The facts of the matter are these: Yes, sections 316 through 318 will be untarped. But, instead of costing about the same as a bleacher seat as they did in days of yore, the third-deck seats will now go for $35. That will not only give you a seat in the stadium, it will also entitle you to engorge yourself one all the hot dogs, nachos, peanuts, popcorn, ice cream and soda pops. (Tickets for premium games will rise to $38 -- presumably, that won't mean a corresponding rise in the quality of the concessions.)
Clearly, the A's are trying to imitate the success of the Los Angeles Dodgers who have turned the right-field pavilion seats at their stadium into an all-you-can-eat mecca, who've found there's a buck to be made by encouraging gluttony and poo-pooing self-restraint. And I guess I can't really fault the A's for wanting to do likewise.
You wouldn't know it from looking at me, but I'm not much of a buffet guy. I'd rather eat a limited amount of food I enjoy then have a bottomless plate of mediocre stuff I'm eating because it's there. Still, even if the all-you-can-eat aspect of the third-deck doesn't appeal to me, might I be tempted to pay $35 just to enjoy the view from seats in a section where I've had so many pleasant memories? Would I still be able to enjoy the game over the sounds of slurping and munching and gastro-intestinal distress? Would I mind if my view of the field of play was occasionally obscured by the steady stream of patrons shuffling by to get their third helping of nachos? Could I still enjoy an exciting evening of A's baseball if I were occasionally distracted by the people around me arguing over who could eat more hot dogs in a half-inning and sobbing in agony as they try to unhinge their jaws to scarf down more sausages? And would it be worth it the hassle of getting to me seat, as I work my way past the mass of humanity jostling for their turn to suckle the soda dispenser like a newborn calf at its mother's teat?
Yeah. I think I'll pass.
But perhaps I'm being unfair. In the interest of seeing just how well this All-You-Can-Eat third deck might play out, I've commissioned an artist's rendering of Lew Wolff's high-in-cholesterol vision of paradise.
As you can see, the third-deck has become overrun by an army of over-sized Grimaces.

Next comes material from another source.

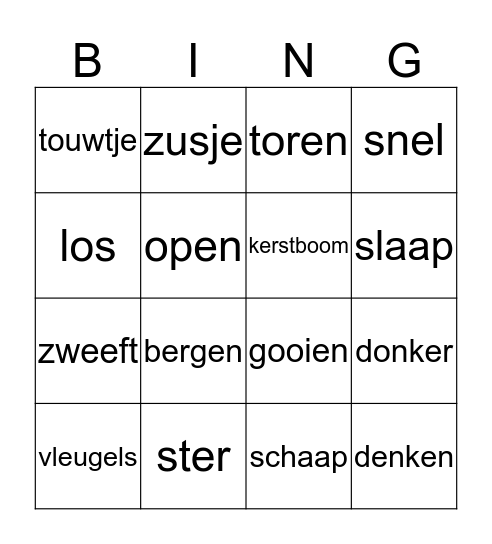 De ster die niet kan stralen Bingo Card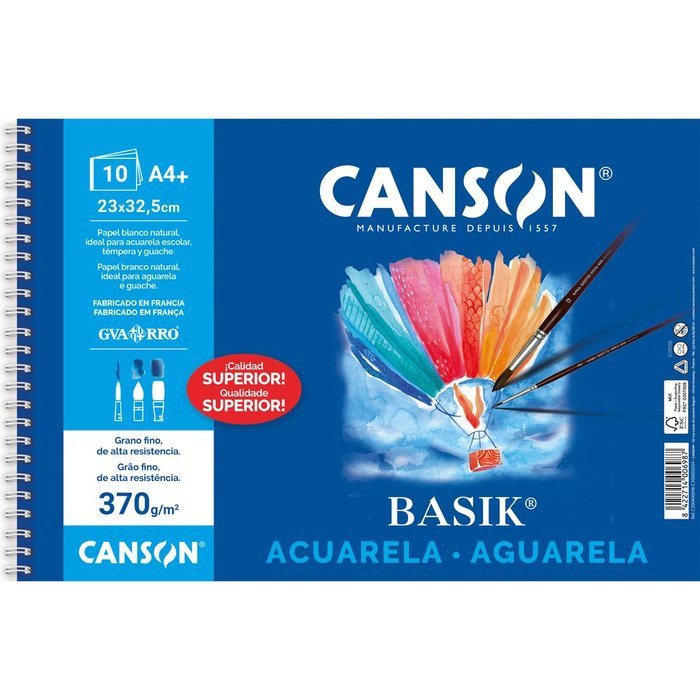 Bloc acuarela A4 10H Basik 370 g Guarro Casas Imagen principal del producto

Lured to third-deck by the promise of unlimited snacking, they've found the selection of hot dogs and nachos to be unsatisfying. And so, they have eaten the other paying customers. As this photo is being taken, the Grimaces are voting on a proposal to shimmy down into the Bill King Broadcast booth and devour Ken Korach as he delivers the play-by-play. Chillingly, the vote is unanimous, so it's only a matter of time before poor Mr. Korach meets his maker in the belly of some rapacious Grimace. Hopefully, Ray Fosse's screams for help will alert the state militia in time so that these horrible beasts can be brought down before they force their way into the West Side Club. Once that happens, the only solution will be to nuke the site from orbit.
You see, Lew Wolff? Grimaces eating everyone in sight. You've endangered us all. I hope you're happy.